> _What you are asked to do_
Could you reproduce, from the records below, everything from the line with "Organic Sweet Almond Virgin Oil Clear 200ml" down to the line with "Knurled Knob Retractable plungers", keeping both of those lines and changing nothing?

> _Raw data_
____________________

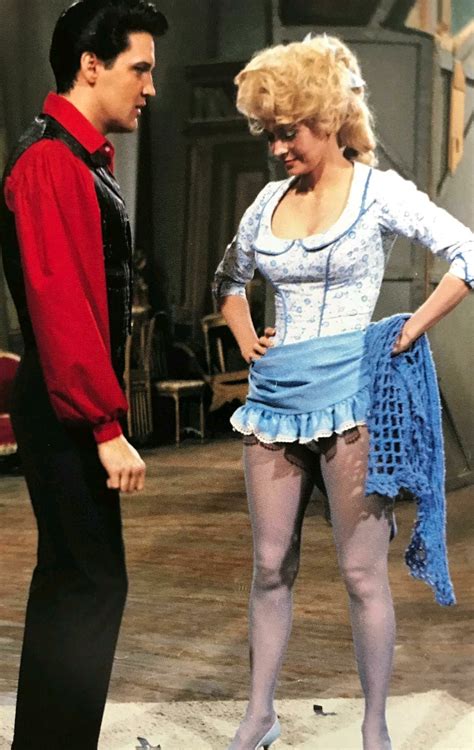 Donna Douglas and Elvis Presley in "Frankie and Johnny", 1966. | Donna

____________________

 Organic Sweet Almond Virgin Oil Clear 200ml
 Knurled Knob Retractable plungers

____________________

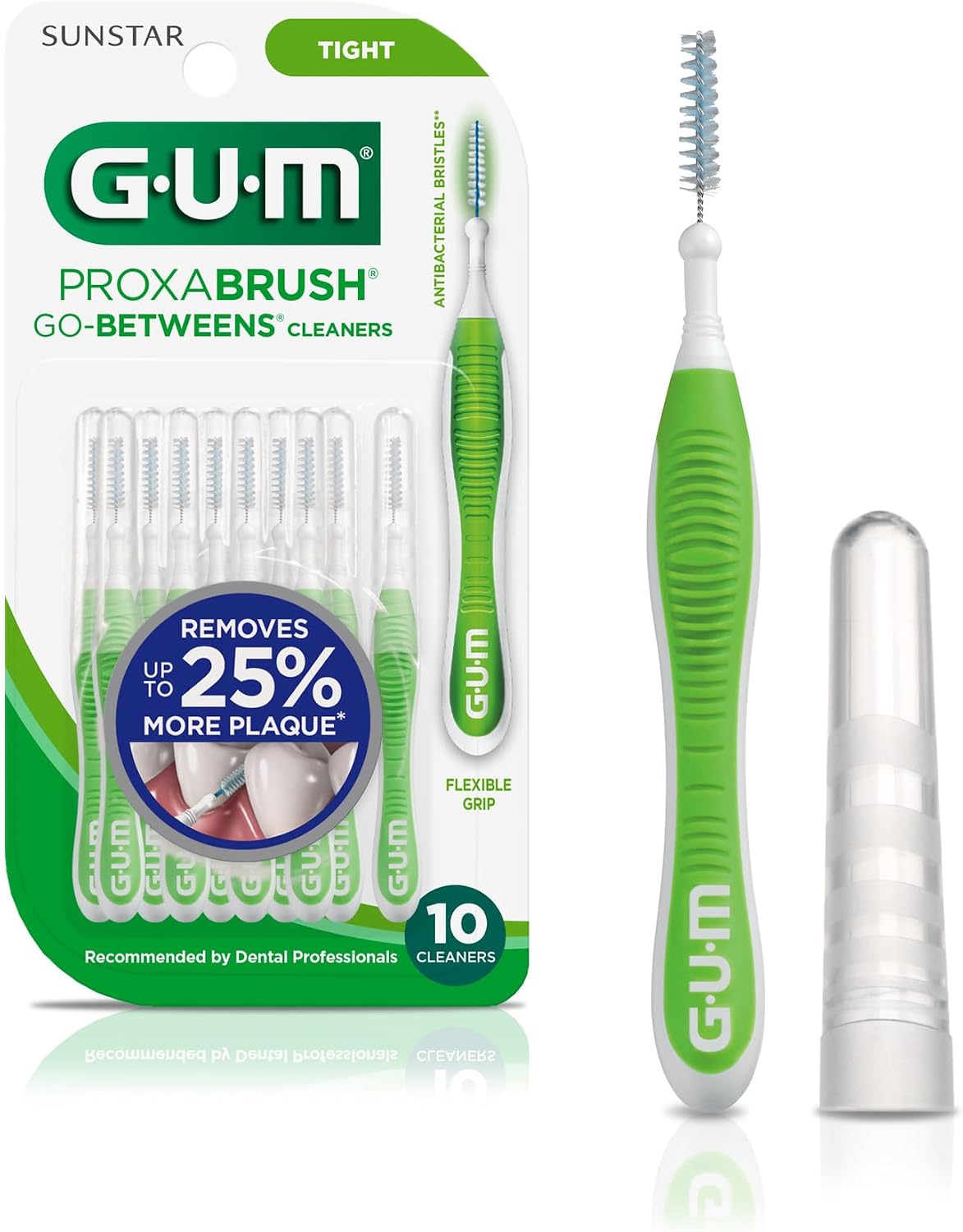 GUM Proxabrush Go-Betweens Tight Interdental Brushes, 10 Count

____________________

> _Exercise answer_
 Organic Sweet Almond Virgin Oil Clear 200ml
 Knurled Knob Retractable plungers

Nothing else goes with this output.